Fuels by biomass liquefaction

Pyrolysis of biomass is a simple and efficient way to liquefy solid biomass. Bio-liquids have distinct advantages over solid biomass: i) bioliquids are easier to store, to transport and to process, ii) bio-liquids have a much higher volumetric energy density and iii) contain typically much less contaminants (S, Cl, N, alkali metals) than the biomass feedstock. Fast pyrolysis of biomass allows liquefaction of all the major constituents, i.e., cellulose, hemicellulose and lignin, and the result is a bio oil with a similar elemental composition as the biomass feedstock. Pyrolysis is attracting a lot of attention at the moment and the product is seen as a promising second generation energy carrier and biofuel. However, the bio oil produced by fast pyrolysis is i) acidic/corrosive ii) unstable due to condensation reactions iii) has a lower energy density than fossil oil and thus requires extensive post-treatment before it can be used as a transportation fuel [2]. The aim of this study is to develop a novel catalyst and process method in laboratory and pilot plant scale to improve the quality of bio-oil.

surface catalyst works


Fuels by biomass gasification

Conversion of carbon based feed stocks, e.g, coal, methane, and higher hydrocarbons to syngas (CO+H2 mixtures) via steam reforming and subsequent conversion to fuels is of tremendous interest.

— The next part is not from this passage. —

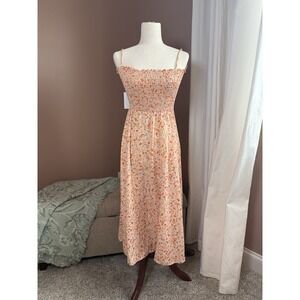 RESA Floral Smocked Midi Dress NWT Size Small Cottagecore Slip Dress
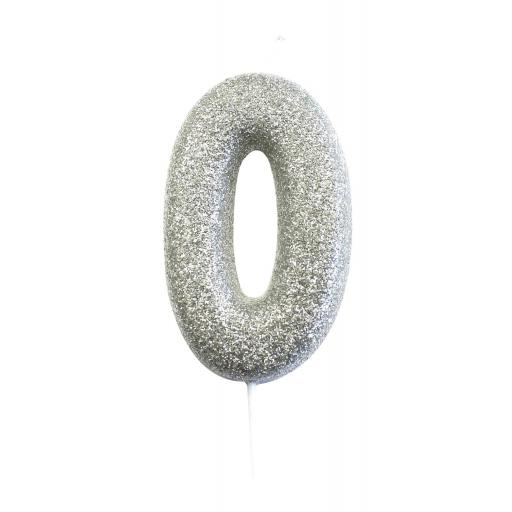 0 Glitter Numeral Moulded Pick Candle Silver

Presence of catalysts is mandatory for efficient reforming, nickel based catalysts being the most commonly used in commercial applications. Role of water as one of the reactants make the reaction strongly endothermic and the process energy intensive. Catalyst design to enhance water activation is thus of crucial importance to enhance efficiency of the reforming reaction. Carbon present in the feed adds severe coking and catalyst deactivation as additional issues for application. Catalyst design principles are reasonably well established for methane reforming, and commercial operation is routinely practiced. However, while considering sustainable feed stocks such as biomass, coke and tar formation is much more severe and requires a new look at catalyst design. Application of steam reforming for fossil to sustainable feed stocks including waste carbonaceous materials is the central theme of research and carried out from the point of view of efficient catalyst design.